Tuesday, August 28, 2007

Private equity companies great business strategists? Baloney!

I've been wondering when the private-equitization fad will dissipate, and maybe the current credit squeeze is our answer. Private equity firms treat companies as commodities--buying low, processing and purifying a bit, as if they're iron ore, and reselling, recapitalizing, recombining into something that has enough value to compensate their investors and cover their fees.

In the July/August Harvard Business Review, Walter Kiechel lauds the private equiticians for bringing sound strategic thinking to their acquisitions ("Private Equity's Long View" - free link). I agree on one point--with respect to scrutinizing the capital structure of the company and deploying a pretty limited toolset--leveraging up--they are certainly more creative and strategic than those they acquire from.

And, writes Kiechel,

They identify a strategy that favors the line of business in which the acquisition dominates its competitors, and then they often sell off its other businesses (it was the strategy movement that got companies thinking about their assets as a portfolio of businesses, with some stars and some dogs to be divested).

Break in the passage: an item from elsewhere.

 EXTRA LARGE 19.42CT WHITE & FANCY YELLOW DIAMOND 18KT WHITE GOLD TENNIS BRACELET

Yet all the examples Kiechel cites to prove private equity's strategic mastery are all quantitative in nature--use of debt, focus on cash flow, reducing costs and shedding of underperforming assets.

Strategic thinking also involves questions like, "How can we increase our added value with customers? What is the world likely to look like in 10 years and how can we participate in those changes? What new products do we need? What technology investments will be required? How can we keep our best people?"

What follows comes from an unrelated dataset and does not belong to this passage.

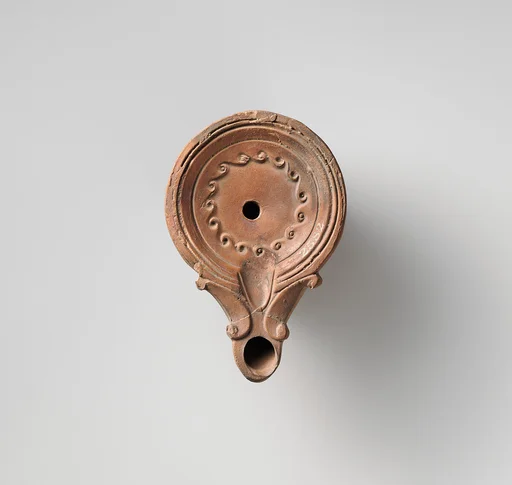Terracotta oil lamp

Quite frankly, it's not stuff that can be captured on a spreadsheet. And, despite their "long view," PE investors have little to offer on those questions. Frankly, most plan to be long gone before those questions are answered. And that's not strategic mastery, it's myopia.

As value in business increasingly shifts from dumb assets (like oil wells, factories, mines, etc.) to smart assets (creative people), the side effects of private equity strategy--personnel displacement, loss of company culture and insight, lack of employee loyalty, poor morale--will prove fatal. Businesses will look more like professional partnerships of today, rather than plain old corporations.

In fact, they'll start to look a lot more like private equity companies, wherein upheaval results in partners and associates leaving and starting their own firms.

What will PE buy then?

(Disclosure: I worked for several years for a private-equity-owned company.)